Data items:
----------------------------------------

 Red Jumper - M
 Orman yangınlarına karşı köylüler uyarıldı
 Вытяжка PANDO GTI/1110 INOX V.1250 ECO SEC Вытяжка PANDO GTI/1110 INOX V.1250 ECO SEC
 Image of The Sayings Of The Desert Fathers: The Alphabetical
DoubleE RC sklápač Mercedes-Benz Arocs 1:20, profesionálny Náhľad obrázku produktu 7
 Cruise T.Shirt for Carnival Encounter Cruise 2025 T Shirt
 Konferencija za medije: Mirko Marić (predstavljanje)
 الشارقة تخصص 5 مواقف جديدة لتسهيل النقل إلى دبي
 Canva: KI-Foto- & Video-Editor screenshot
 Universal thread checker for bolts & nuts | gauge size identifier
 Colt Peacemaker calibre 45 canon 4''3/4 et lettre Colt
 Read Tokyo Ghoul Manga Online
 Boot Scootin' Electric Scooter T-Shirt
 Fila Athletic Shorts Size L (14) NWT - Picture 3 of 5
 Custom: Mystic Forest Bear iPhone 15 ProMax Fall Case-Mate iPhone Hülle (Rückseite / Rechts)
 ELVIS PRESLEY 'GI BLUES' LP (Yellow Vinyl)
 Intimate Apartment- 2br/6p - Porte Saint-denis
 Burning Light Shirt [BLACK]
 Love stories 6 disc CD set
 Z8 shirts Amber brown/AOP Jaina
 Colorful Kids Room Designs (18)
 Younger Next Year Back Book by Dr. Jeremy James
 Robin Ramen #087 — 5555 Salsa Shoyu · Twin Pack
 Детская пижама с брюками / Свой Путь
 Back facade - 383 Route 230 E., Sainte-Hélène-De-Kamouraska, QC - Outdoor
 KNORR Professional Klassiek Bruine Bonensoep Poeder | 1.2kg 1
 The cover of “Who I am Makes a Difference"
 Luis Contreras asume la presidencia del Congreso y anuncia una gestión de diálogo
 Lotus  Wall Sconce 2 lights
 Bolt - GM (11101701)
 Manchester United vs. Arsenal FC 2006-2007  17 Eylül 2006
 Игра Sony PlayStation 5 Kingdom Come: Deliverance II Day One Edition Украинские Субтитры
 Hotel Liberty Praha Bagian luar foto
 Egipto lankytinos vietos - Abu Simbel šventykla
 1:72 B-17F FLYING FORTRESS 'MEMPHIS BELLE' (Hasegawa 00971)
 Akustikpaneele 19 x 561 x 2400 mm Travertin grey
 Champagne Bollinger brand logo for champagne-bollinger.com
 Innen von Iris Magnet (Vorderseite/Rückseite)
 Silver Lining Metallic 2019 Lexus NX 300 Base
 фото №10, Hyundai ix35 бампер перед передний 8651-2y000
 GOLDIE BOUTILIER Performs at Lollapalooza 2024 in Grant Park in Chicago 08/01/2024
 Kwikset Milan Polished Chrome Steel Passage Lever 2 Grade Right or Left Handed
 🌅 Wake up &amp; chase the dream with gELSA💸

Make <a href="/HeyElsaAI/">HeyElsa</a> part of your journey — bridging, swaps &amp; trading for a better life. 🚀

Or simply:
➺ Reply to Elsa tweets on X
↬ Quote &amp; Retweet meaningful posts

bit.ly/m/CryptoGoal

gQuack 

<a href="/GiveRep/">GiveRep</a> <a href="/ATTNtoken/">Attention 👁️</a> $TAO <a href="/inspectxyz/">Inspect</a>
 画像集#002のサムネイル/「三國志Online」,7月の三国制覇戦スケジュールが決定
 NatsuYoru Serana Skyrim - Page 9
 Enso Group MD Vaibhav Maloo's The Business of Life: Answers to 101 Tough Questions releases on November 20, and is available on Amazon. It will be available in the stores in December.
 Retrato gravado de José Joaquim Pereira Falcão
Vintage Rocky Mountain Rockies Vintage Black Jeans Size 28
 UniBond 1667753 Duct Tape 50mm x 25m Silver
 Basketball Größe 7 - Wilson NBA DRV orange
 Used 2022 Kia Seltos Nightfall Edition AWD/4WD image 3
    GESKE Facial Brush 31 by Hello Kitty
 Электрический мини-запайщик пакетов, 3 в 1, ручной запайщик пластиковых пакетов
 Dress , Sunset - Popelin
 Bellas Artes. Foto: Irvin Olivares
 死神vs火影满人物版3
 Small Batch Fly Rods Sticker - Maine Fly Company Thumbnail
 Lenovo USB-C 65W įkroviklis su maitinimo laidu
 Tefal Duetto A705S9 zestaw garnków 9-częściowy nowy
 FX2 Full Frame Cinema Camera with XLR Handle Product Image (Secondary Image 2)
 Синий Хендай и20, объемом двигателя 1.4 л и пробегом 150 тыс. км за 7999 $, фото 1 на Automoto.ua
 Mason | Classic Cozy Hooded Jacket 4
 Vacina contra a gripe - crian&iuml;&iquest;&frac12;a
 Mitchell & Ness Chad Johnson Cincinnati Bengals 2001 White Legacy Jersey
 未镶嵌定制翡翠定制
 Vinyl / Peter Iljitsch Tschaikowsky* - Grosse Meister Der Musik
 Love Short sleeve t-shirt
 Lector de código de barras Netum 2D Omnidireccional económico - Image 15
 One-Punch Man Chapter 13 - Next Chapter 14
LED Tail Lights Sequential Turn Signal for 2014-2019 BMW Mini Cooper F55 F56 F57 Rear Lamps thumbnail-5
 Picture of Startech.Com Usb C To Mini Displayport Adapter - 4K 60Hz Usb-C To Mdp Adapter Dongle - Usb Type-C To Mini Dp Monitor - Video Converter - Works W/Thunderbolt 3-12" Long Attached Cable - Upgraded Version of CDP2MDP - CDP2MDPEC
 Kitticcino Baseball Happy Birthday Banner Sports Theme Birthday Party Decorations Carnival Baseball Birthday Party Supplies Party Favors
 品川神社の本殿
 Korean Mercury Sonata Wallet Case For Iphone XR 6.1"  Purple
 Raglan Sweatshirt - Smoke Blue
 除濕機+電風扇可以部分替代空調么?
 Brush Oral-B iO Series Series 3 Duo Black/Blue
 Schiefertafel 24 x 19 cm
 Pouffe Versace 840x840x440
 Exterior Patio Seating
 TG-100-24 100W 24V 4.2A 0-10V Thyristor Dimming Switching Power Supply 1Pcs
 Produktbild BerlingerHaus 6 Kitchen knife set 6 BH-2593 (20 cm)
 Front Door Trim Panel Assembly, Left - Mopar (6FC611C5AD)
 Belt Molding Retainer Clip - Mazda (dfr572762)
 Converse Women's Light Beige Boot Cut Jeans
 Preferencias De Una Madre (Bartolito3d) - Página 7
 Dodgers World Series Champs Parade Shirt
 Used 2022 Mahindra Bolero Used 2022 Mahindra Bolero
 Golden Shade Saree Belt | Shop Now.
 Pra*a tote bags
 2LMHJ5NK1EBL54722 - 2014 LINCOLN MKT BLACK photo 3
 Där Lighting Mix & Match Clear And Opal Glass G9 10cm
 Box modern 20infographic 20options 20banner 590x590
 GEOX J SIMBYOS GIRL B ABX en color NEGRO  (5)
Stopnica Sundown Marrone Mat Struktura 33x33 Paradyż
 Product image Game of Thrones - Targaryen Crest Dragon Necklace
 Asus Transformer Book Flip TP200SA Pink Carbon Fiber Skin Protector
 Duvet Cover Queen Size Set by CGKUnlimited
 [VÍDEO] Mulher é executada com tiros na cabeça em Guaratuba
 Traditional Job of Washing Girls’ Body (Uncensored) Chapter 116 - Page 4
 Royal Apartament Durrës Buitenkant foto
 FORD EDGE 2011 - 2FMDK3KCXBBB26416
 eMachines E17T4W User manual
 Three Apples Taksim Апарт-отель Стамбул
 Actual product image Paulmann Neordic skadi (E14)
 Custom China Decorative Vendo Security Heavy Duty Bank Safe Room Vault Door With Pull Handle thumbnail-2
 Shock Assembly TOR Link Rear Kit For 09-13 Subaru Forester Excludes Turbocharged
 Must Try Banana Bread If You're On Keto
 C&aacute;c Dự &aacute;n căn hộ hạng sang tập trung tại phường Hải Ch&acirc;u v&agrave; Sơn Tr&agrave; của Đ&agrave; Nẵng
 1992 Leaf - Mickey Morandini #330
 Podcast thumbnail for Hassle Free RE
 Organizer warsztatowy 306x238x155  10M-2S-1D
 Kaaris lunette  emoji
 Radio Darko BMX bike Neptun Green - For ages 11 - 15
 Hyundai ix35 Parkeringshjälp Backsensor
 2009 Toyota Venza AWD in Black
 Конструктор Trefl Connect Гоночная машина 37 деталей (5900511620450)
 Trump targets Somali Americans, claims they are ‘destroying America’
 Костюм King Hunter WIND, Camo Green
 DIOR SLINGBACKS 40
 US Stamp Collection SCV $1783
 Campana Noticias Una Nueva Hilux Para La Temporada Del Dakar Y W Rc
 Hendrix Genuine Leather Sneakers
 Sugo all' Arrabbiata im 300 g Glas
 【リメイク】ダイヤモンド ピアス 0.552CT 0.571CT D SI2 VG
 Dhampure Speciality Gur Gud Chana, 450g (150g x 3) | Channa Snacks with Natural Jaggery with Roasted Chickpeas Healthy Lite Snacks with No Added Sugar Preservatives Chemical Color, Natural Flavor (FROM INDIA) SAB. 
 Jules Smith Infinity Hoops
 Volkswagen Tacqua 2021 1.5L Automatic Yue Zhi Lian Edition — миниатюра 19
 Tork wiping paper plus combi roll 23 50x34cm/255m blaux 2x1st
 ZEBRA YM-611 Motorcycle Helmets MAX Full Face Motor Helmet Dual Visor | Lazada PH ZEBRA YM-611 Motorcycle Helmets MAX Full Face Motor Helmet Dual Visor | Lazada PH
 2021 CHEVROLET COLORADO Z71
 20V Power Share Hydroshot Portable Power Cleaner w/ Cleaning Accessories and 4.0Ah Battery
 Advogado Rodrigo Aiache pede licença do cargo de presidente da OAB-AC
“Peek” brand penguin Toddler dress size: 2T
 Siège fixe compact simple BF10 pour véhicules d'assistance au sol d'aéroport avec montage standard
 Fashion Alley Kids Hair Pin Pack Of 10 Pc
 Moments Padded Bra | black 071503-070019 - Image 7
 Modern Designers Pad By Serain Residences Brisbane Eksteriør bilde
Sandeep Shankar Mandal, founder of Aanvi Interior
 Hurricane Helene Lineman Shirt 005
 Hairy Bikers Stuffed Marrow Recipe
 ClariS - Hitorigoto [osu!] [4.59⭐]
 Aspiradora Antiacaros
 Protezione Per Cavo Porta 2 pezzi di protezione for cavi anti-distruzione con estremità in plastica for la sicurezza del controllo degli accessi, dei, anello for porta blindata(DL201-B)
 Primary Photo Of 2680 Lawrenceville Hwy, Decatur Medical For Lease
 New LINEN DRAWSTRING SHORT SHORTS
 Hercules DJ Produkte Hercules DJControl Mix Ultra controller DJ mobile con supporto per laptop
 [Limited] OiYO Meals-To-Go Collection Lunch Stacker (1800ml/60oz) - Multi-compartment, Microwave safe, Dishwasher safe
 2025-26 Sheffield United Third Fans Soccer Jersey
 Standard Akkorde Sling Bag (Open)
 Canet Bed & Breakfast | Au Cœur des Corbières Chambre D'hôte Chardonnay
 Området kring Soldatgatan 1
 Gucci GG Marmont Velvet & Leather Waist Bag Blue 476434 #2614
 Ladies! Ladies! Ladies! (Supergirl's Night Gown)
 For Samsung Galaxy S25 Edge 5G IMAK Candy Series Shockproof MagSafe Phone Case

----------------------------------------

• _PROMPT_: Each line of the entries above that contains "Power" is to be copied.

• _SOLUTION TO THIS TASK_:
 TG-100-24 100W 24V 4.2A 0-10V Thyristor Dimming Switching Power Supply 1Pcs
 20V Power Share Hydroshot Portable Power Cleaner w/ Cleaning Accessories and 4.0Ah Battery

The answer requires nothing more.